-------- RECORDS TO PROCESS --------

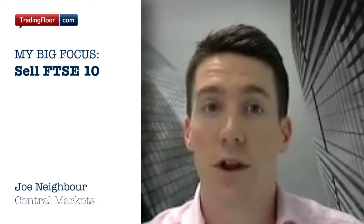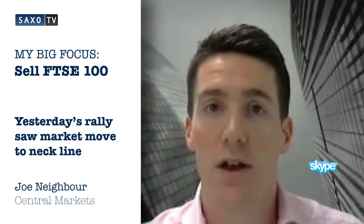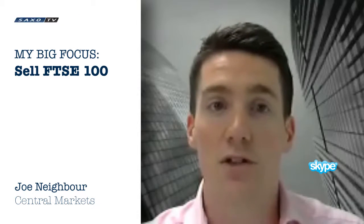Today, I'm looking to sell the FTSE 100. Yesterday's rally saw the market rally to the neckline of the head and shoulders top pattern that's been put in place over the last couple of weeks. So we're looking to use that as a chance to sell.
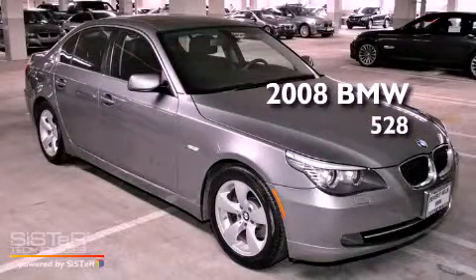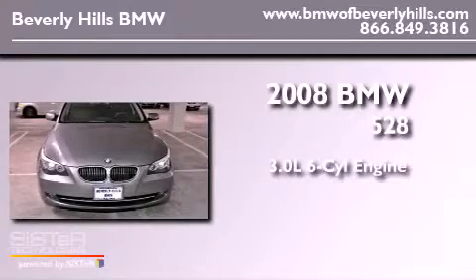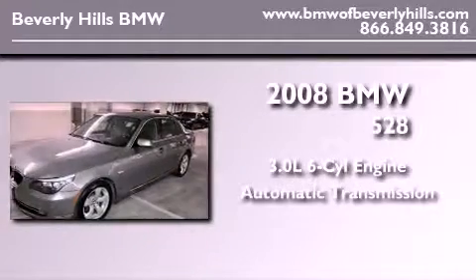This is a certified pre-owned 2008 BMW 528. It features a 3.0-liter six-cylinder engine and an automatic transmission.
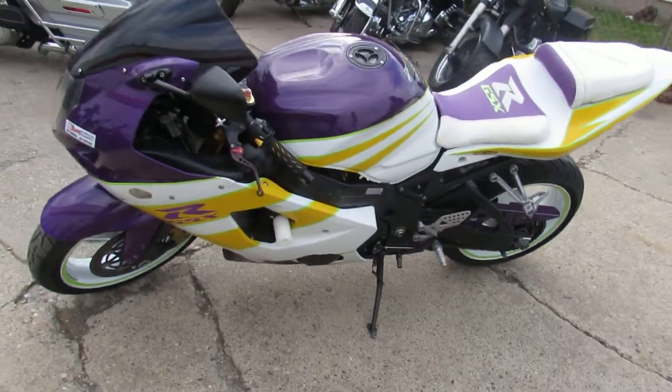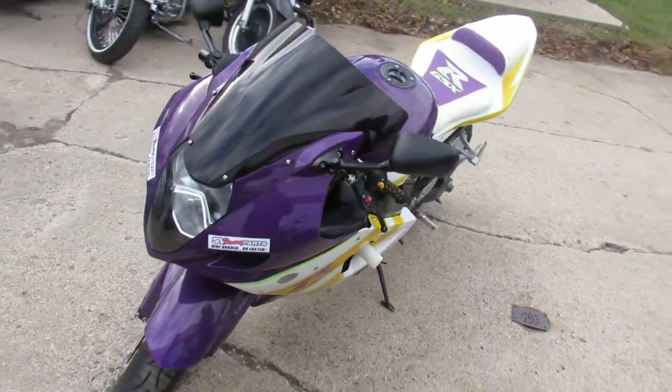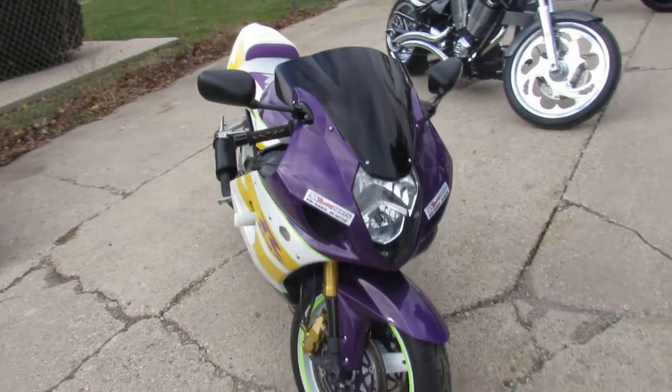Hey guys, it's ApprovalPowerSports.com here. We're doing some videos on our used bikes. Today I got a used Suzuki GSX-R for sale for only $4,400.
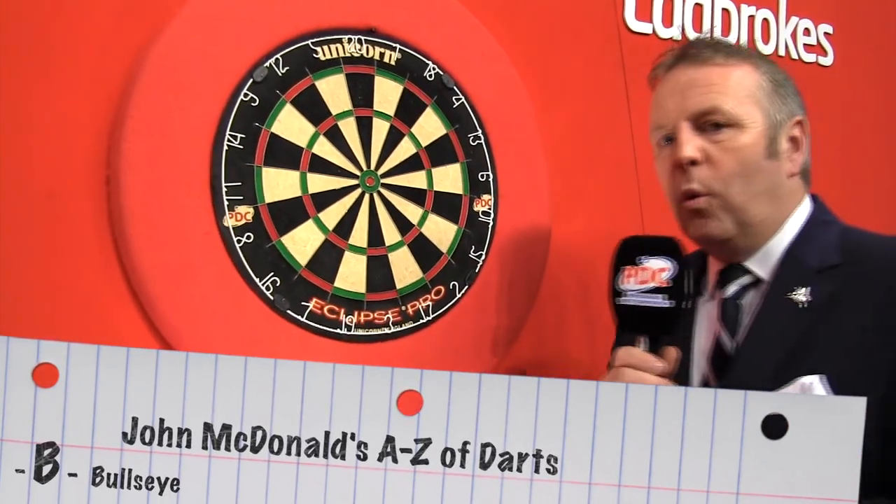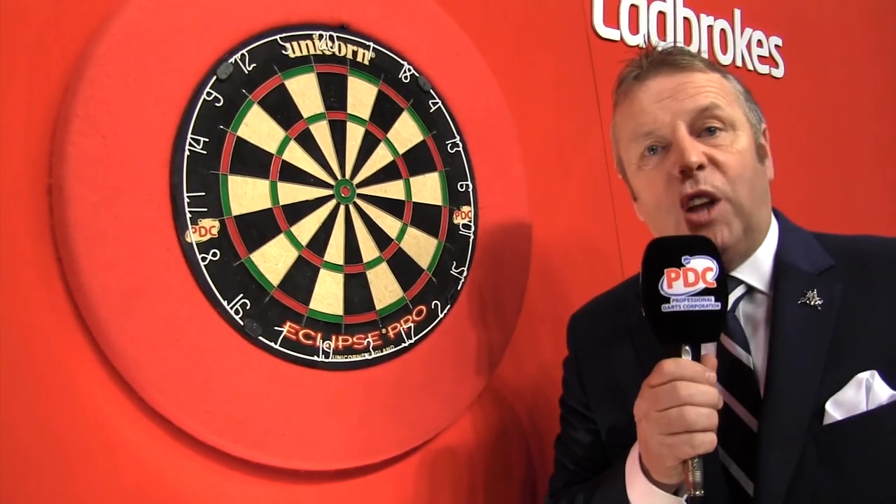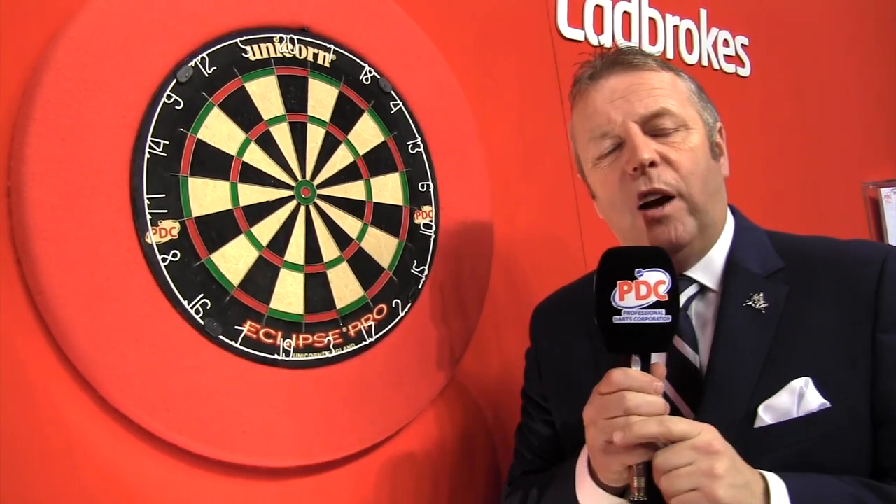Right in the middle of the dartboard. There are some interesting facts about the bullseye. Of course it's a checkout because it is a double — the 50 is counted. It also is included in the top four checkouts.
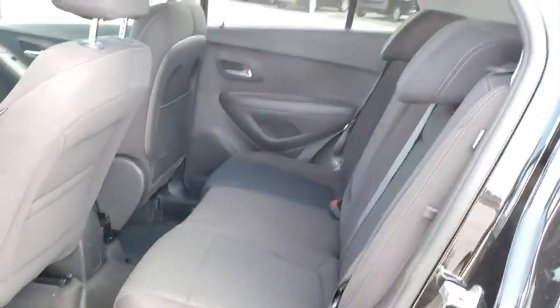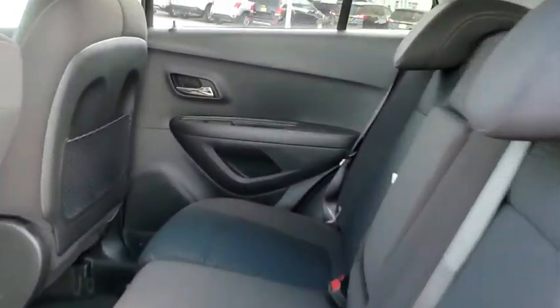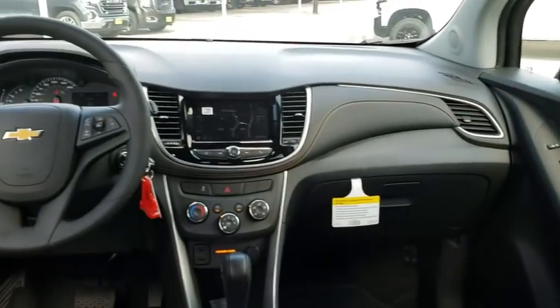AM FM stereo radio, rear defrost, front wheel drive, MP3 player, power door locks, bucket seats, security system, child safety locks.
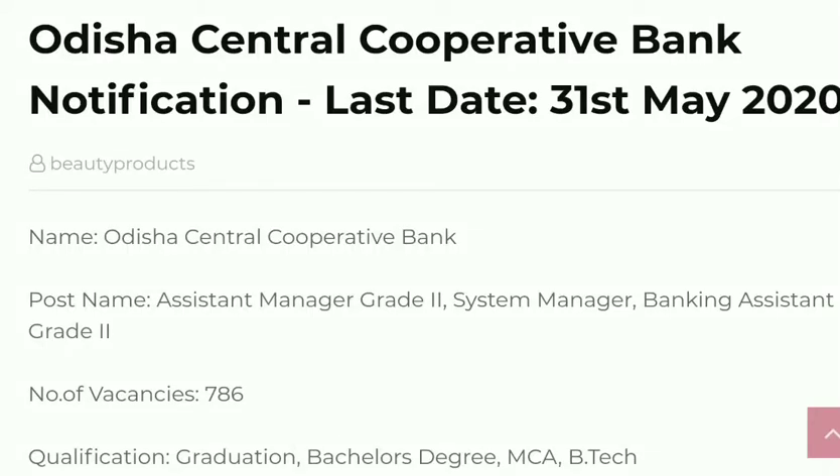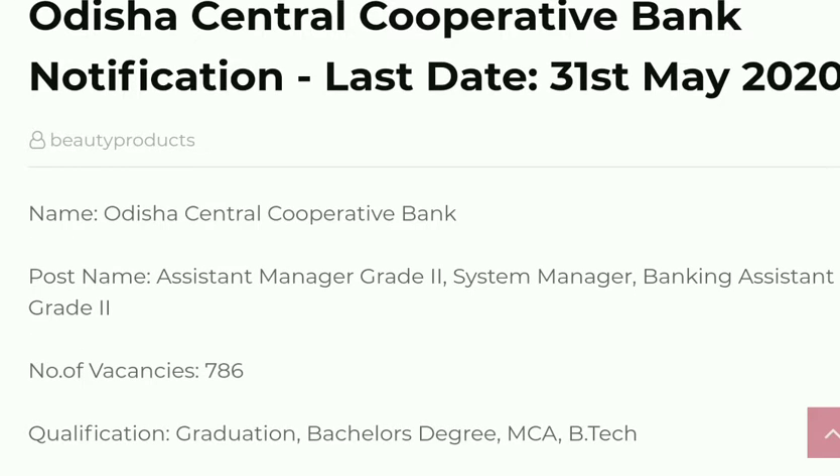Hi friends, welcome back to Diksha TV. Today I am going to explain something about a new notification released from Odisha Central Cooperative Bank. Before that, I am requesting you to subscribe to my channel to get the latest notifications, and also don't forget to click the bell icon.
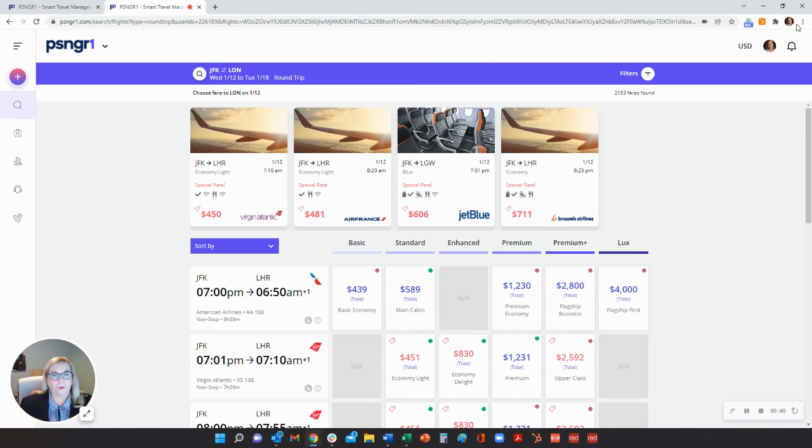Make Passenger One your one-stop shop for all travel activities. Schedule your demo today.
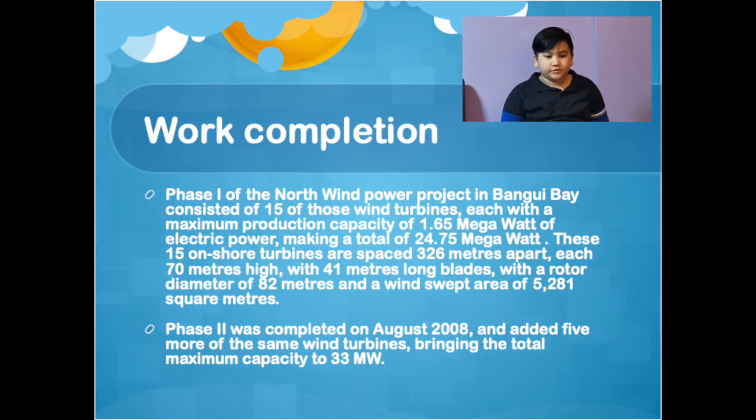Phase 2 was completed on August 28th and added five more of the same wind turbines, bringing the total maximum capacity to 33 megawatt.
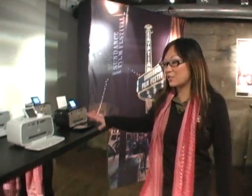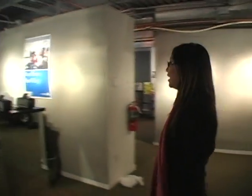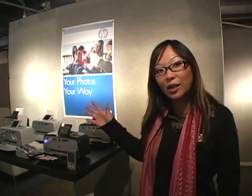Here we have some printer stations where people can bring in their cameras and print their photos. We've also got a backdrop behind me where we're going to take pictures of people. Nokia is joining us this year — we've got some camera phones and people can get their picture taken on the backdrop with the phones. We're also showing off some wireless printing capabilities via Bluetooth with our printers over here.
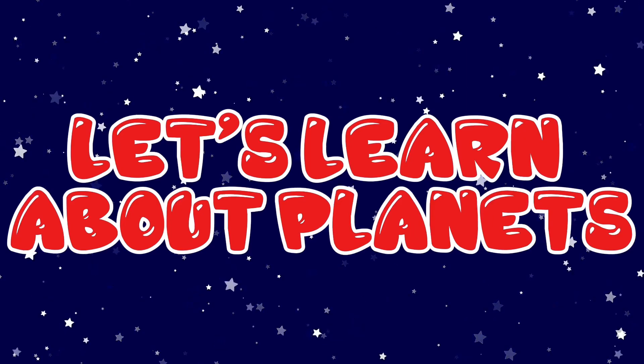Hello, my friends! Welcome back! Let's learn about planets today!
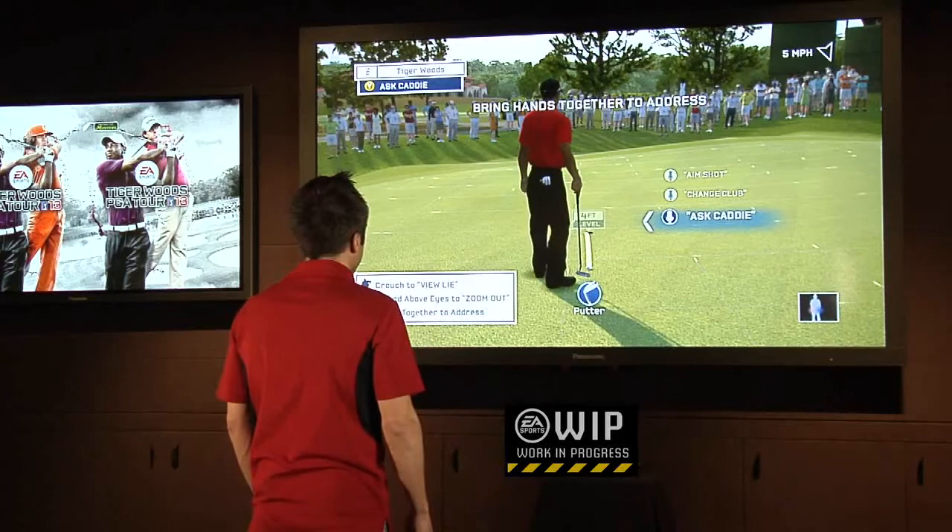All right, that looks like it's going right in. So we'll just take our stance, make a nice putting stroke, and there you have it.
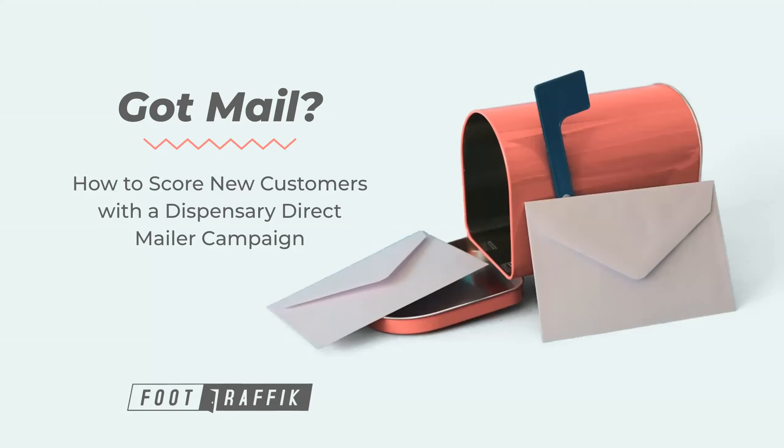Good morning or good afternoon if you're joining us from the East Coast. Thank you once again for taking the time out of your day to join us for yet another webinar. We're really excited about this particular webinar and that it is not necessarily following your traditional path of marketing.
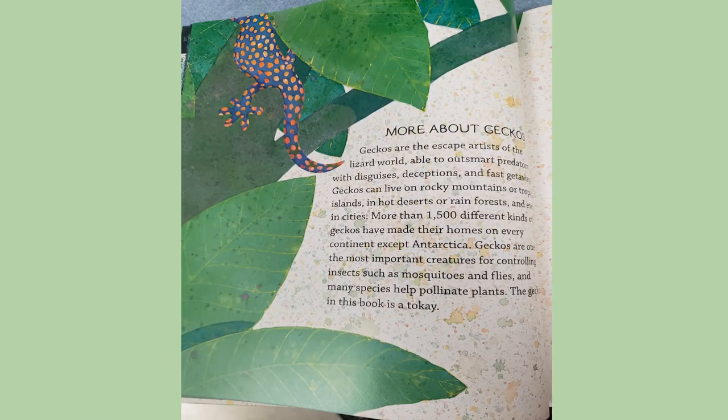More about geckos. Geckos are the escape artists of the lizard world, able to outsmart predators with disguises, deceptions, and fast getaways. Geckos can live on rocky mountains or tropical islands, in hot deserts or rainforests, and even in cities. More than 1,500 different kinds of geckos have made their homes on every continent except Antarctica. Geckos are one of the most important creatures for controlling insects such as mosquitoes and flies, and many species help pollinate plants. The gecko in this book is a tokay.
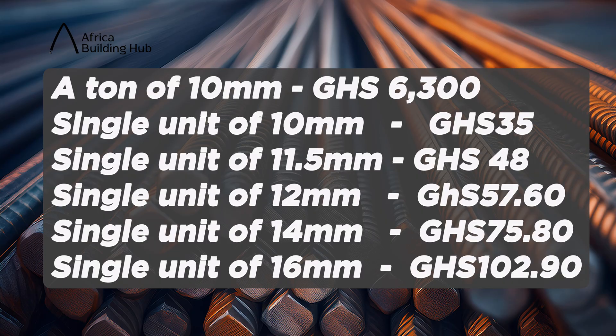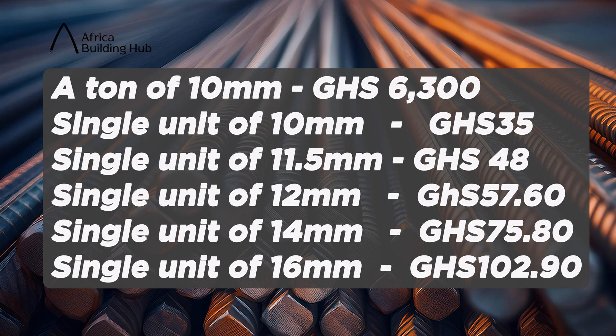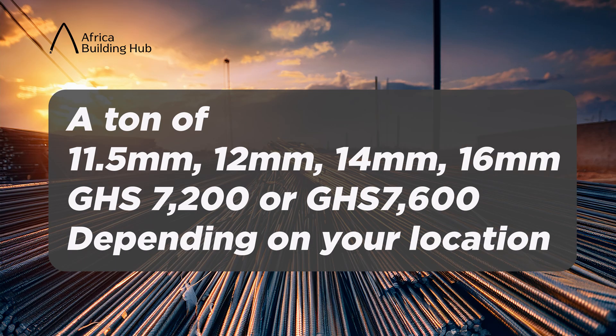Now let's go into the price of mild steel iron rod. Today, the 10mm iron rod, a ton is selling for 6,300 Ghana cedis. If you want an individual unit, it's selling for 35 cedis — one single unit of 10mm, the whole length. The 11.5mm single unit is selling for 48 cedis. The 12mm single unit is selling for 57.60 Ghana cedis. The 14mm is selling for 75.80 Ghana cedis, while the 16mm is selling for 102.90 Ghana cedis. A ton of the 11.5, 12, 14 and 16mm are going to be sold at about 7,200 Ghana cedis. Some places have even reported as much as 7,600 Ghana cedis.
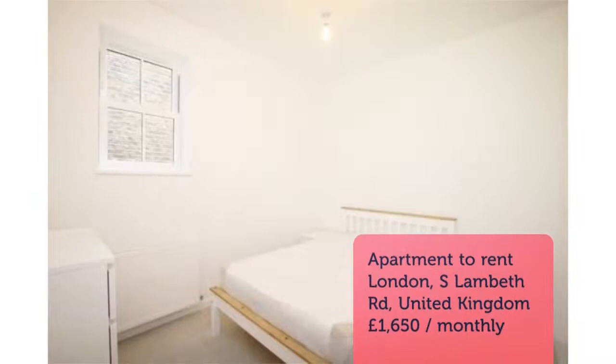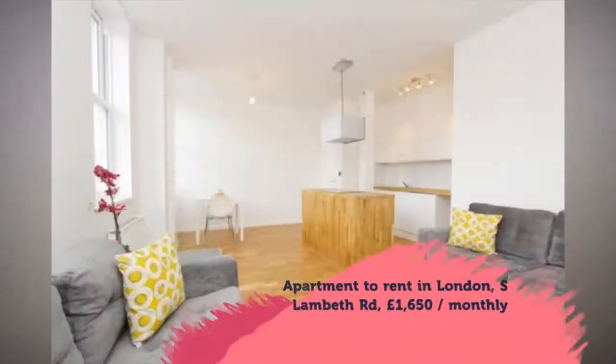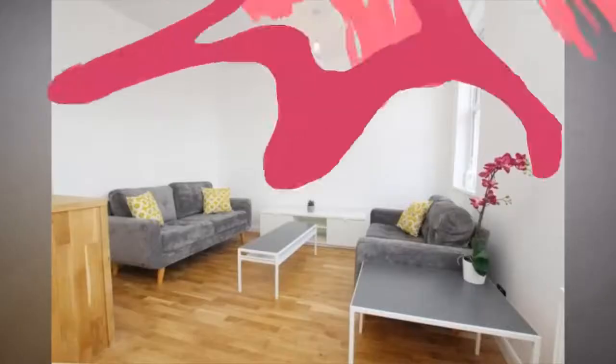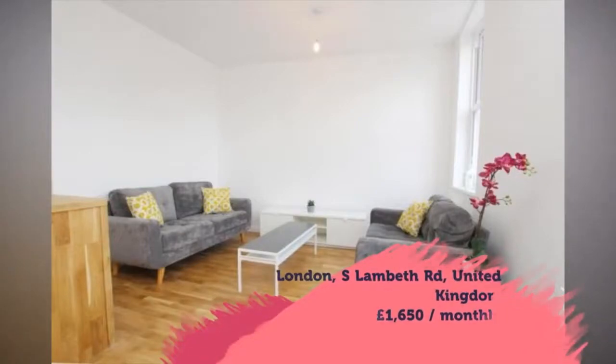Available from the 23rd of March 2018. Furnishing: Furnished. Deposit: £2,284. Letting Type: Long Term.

--------

→ TASK DETAILS:
Repeat the data verbatim through the "This is a certified" line, no pictures.

→ RESPONSE BELOW:
Today, I'm looking to sell the FTSE 100. Yesterday's rally saw the market rally to the neckline of the head and shoulders top pattern that's been put in place over the last couple of weeks. So we're looking to use that as a chance to sell.
This is a certified pre-owned 2008 BMW 528. It features a 3.0-liter six-cylinder engine and an automatic transmission.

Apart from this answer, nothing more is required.